> Work required
With pictures left out, output exactly the lines of the listing below from the line that has "Appartamento in affitto" to the line that has "DAMNED NEAR KILLED", both lines kept.

> Recorded data
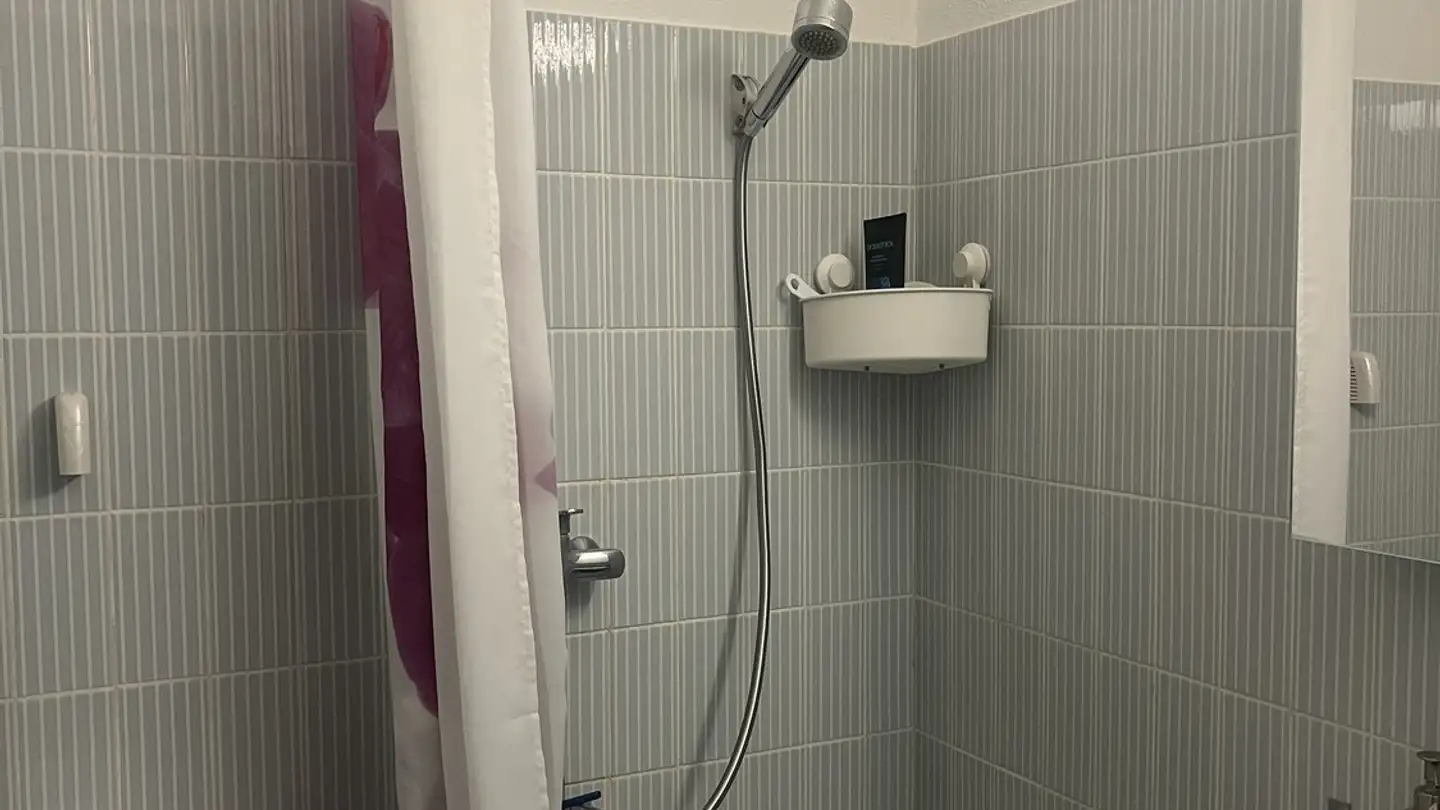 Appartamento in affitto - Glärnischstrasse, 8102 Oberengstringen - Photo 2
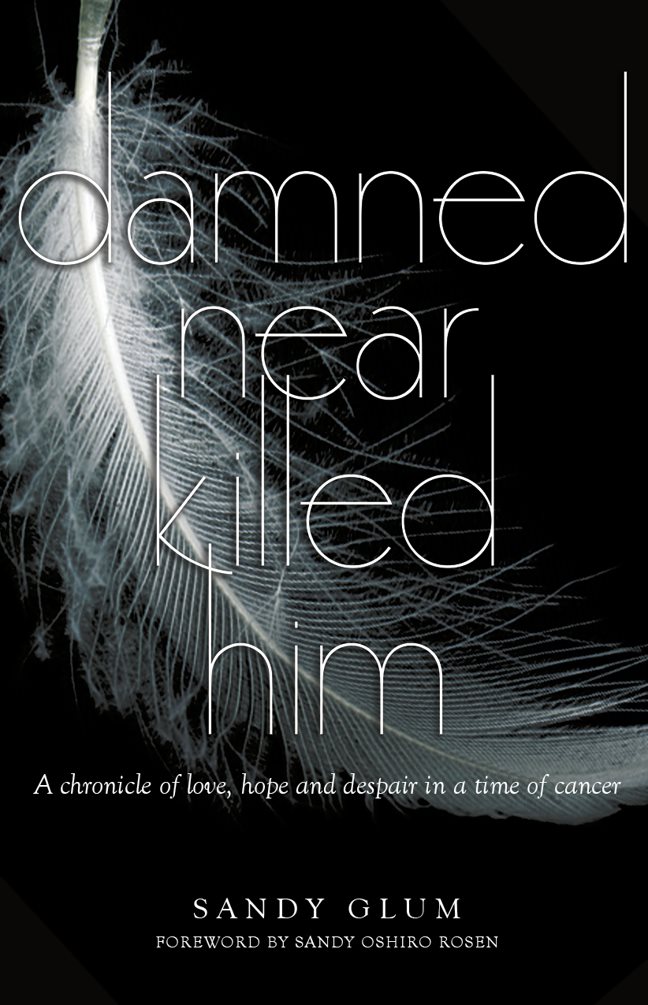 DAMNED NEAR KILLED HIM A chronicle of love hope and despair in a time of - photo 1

* * *

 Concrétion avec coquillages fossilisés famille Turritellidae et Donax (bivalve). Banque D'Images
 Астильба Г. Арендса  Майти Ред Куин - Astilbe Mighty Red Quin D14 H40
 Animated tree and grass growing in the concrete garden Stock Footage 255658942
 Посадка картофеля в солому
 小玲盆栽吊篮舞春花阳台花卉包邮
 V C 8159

> Task output
 Appartamento in affitto - Glärnischstrasse, 8102 Oberengstringen - Photo 2
 DAMNED NEAR KILLED HIM A chronicle of love hope and despair in a time of - photo 1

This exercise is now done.